Ticketmaster Summer in Stages

The Pride

Alexi Kaye Campbell
Ambassador Theatre Group and Jamie Lloyd Productions
Opera House, Manchester

Al Weaver as Oliver and Mathew Horne as Peter Credit: Marc Brenner
Naomi Sheldon as Sylvia and Harry Hadden-Paton as Philip Credit: Marc Brenner
Al Weaver as Oliver and Harry Hadden-Paton as Philip Credit: Marc Brenner

Despite David Benedict's objections to the term in the programme, Alexi Kaye Campbell's debut script is a "gay play" in that it targets issues that uniquely affect—or affected—gay men in Britain.

In fact it is two plays, as the scenes alternate between a pre-Wolfenden Britain in which the police entrapped gay men, notably John Gielgud in 1953, into propositioning them before charging them with Gross Indecency, and a modern piece about a gay couple whose relationship is under strain.

The earlier scenes are a sort of gay Brief Encounter, with accents to match, in which children's author Oliver is introduced by his illustrator Sylvia to her husband Philip, and there is clearly an attraction between the two men.
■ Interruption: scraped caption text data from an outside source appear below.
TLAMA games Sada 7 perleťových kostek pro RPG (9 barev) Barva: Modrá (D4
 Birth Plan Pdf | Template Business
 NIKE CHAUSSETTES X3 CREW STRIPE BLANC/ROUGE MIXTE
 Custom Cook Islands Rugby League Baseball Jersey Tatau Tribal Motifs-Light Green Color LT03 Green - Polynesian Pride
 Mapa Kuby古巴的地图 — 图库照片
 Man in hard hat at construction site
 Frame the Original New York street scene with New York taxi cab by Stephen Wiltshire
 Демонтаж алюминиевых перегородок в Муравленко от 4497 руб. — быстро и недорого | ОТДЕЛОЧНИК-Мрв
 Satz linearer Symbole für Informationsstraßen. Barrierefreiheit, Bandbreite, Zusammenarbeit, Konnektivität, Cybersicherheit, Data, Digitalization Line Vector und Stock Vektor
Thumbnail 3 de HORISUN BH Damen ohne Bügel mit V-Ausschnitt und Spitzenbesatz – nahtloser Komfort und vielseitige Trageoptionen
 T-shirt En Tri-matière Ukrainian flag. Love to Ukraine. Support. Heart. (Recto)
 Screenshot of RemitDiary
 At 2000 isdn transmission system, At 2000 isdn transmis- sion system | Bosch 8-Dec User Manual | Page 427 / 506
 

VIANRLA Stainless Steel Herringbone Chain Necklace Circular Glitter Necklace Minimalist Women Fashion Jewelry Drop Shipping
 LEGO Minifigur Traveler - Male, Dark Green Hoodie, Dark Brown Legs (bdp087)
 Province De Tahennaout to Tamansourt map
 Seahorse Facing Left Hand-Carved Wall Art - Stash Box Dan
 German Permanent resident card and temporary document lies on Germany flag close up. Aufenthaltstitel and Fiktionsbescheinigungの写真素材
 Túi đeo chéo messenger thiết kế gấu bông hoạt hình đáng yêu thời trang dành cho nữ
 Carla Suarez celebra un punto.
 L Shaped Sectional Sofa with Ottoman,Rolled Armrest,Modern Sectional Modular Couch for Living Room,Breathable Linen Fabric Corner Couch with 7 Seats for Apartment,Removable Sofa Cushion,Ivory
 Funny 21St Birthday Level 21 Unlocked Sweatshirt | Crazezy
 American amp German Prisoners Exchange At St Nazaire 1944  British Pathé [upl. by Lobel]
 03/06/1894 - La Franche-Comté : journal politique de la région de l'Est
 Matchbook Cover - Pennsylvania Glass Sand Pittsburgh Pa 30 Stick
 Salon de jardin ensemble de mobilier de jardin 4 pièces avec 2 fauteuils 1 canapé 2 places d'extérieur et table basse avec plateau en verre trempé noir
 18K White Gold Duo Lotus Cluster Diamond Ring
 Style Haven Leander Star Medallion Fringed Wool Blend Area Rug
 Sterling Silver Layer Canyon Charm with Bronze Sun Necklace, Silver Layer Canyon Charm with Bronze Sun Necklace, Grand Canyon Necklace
Philip rejects any feelings towards men, but it is clear that such attractions have occurred before and caused a strain in the marriage.

The strain in modern-day Oliver and Philip's relationship is due to what immature writer Oliver refers to as his "sex addiction", but to photographer Philip this promiscuity signals an end to the relationship. Oliver takes refuge with his straight friend Sylvia whose new relationship with her Italian boyfriend is threatened due to Oliver's selfish neediness.

The stories don't have a direct correlation other than the characters' names and the issues of a gay relationship, but the action neatly travels from one to the other in Jamie Lloyd's slick production, often with a character from the next scene entering before the end of the current one.

Campbell's dialogue, emphasised by the production, is rather like music hall crosstalk, with its rapid-fire delivery, almost overlapping, and few gaps between. The characters talk and talk, revealing everything, holding nothing back, like in a soap opera and scenes seem to go on far past their natural end. On the other hand, there are plenty of funny moments and lines, many aimed squarely at a knowing gay audience but still funny for the rest of the audience, and some quite poignant scenes.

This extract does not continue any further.